イタリアの記憶をたどる
取材時のワインリストには、スパークリングワイン10種を含むフルボトルのワインが127種、グラスで頼めるワインが15種類、ハーフボトル12種類。ほとんどがイタリア産で、ひとつひとつのワインと生産者の名前が原語とカタカナで明記され、使用ブドウ品種、アルコール度数、州名を書き添えている。これは想像を絶する手間がかかるはずだが、客にとってはいちいち尋ねなくても済むのでありがたい。手頃な価格のお値打品が豊富だが高級品も備え、バランスのよいセレクションが秀逸である。また特筆すべきはアルコール以外の飲物の豊富さである。ミネラルウォーター5種からノンアルコールビールまで常備され、食後にはリキュールやスピリッツが24種類、香り高いエスプレッソやオーガニックダージリン紅茶をはじめとするお茶の類が9種類選べる。素晴らしい食事には、すぐれた脇役の存在がことのほか重要だが、これほど充実した揃えにはなかなかお目にかかれない。

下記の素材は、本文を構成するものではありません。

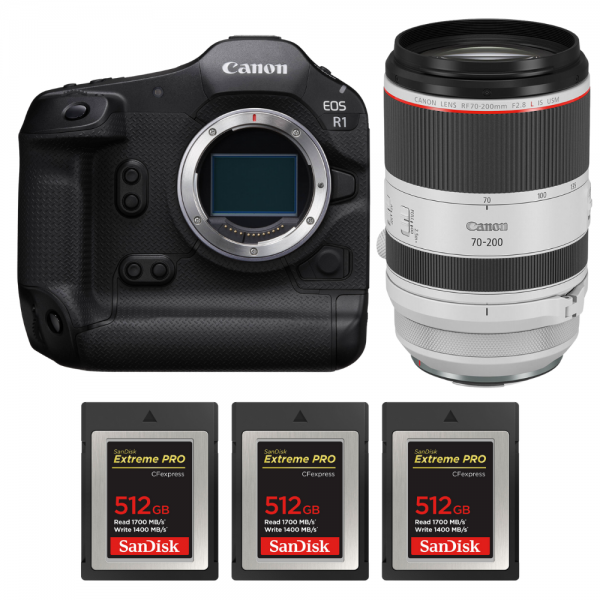 Canon EOS R1 + RF 70-200mm f/2.8 L IS USM + 3 SanDisk 512GB Extreme PRO CFexpress Type B-1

サービスの小川氏とシェフの百瀬氏に話を聞いていると、「自分が感じたイタリアというものを、店で料理を食べる人にも感じて欲しい」という熱意を感じる。考えてみれば、イタリアでは各地方に独自の食文化があり、ひとつの料理体系というよりは多彩で豊かな集積である。どの州にも、そしてどの街にも、独自の食材や料理があり、その多様性がイタリア料理の大きな魅力であり、奥深さだといえる。その多様性を自分の体験として血肉としてきた両氏が、いまでは日本、そして東京、という地域性を加味して独自の「イタリアらしさ」を体現しているのだ。
あなたはここへ行って、スペッキオに食卓を委ねるだけでいい。ここなら、ちょっと遠くから訪れるだけのことはあるではないか。